**PROBLEM REQUIREMENTS**
Repeat the listing below in full and exactly. Pictures are to be omitted.

+++ DATA SECTION

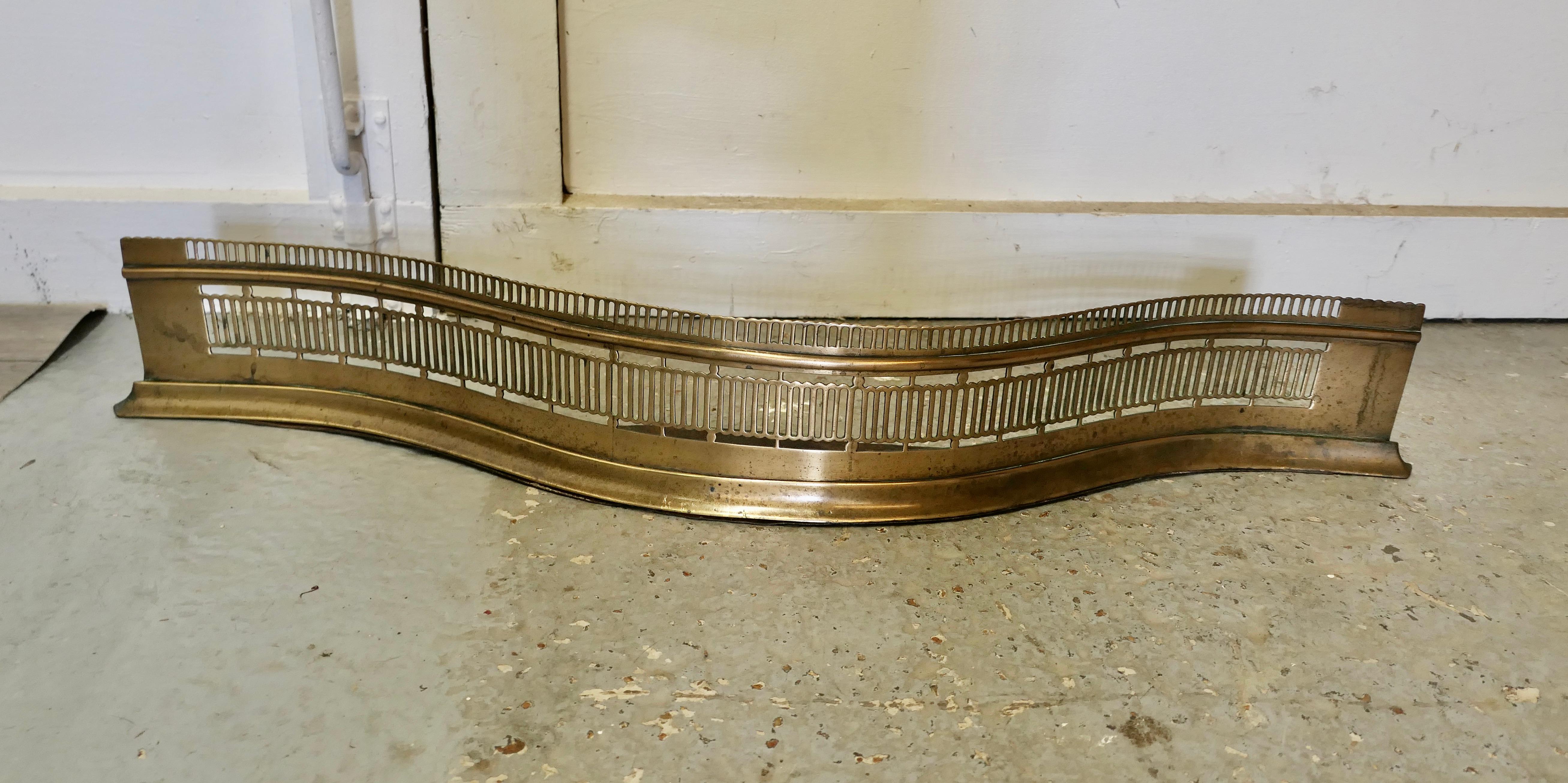 Victorian Pierced Serpentine Shaped Brass Fender 

This is a Victorian antique fender unusually this one has a serpentine shape, the fender has an attractive pierced brass front 
The fender is in very good all round condition and would grace any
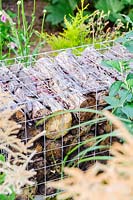 A log filled gabion used to create a low garden wall, Lower Treculliacks Farm, Falmouth, Cornwall, UK.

++++++

**TASK SOLUTION**
 Victorian Pierced Serpentine Shaped Brass Fender 

This is a Victorian antique fender unusually this one has a serpentine shape, the fender has an attractive pierced brass front 
The fender is in very good all round condition and would grace any
 A log filled gabion used to create a low garden wall, Lower Treculliacks Farm, Falmouth, Cornwall, UK.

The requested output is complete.